Tories to charge businesses £2,000 a year for non-EU migrants
The move is seen as a "tax on talent" by the UK tech industry
Prime minister Theresa May has announced a revised policy that will charge companies 2,000 a year for each skilled non-EU migrant they employ.
The Immigration Skills Charge introduced last month currently charges companies 1,000 a year, the funds from which go towards the training of British nationals.
The Conservative manifesto, which launched on Thursday, doubles this charge in what is seen as an attempt to cut down immigration from outside of the EU. The Conservatives maintain a pledge made by former prime minster David Cameron to reduce net migration below 100,000, however as of September 2016 that figure was 273,000.
In an editorial published on Wednesday, former Conservative chancellor George Osborne described May's plans as "economically illiterate".
"She knows better than almost anyone that net migration - the number of people arriving, minus the number leaving - is not in the gift of government, subject as it is to the vagaries of the world economy," wrote Osborne.
However business leaders in the technology sector, many of which rely on highly skilled migrants from outside the EU, have urged May to abandon the pledge.
Anthony Walker, deputy CEO of techUK, has described the news as a "tax on talent" for companies trying to scale up their operations, and that now is not the time to "pull up the drawbridge further".

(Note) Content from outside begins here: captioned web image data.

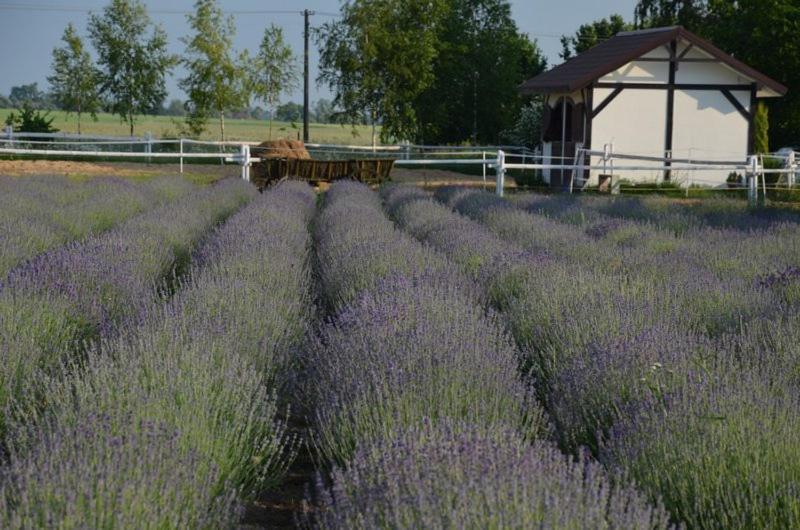 Bed and Breakfast Zielone Zacisze Murzynowo Koscielne Экстерьер фото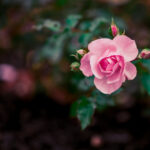 17144期开奖结果公布,幸运号码震撼揭晓 s3adjedm3w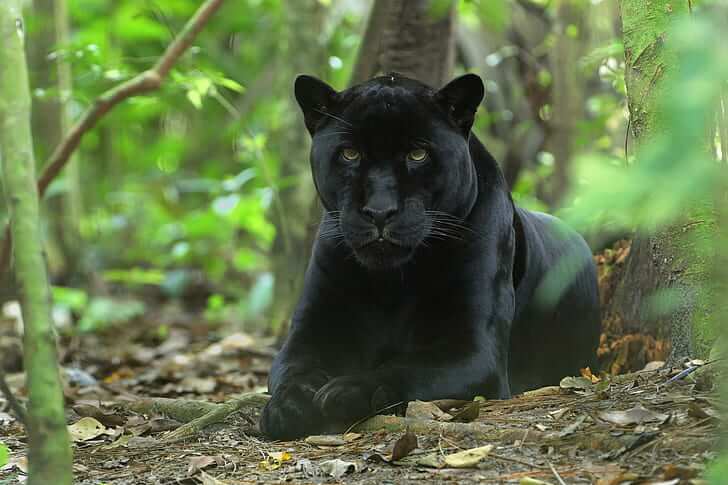 black panther_3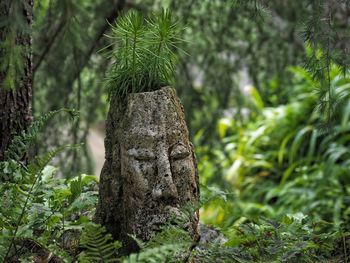 Close-up of pine tree trunk in forest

"The vast majority of demand for Tier 2 skilled worker visas comes from the UK's most digitally-intensive sectors," said Walker. "The UK's start-ups and SMEs are crying out for more talent, and are already facing uncertainty on securing talent from the EU."
"These are roles already recognised as a national shortage by the government's own independent Migration Advisory Committee," added Walker. "Unfortunately today's announcement will be seen as an additional barrier to high-skilled recruitment, and sends a worrying signal at a time of uncertainty."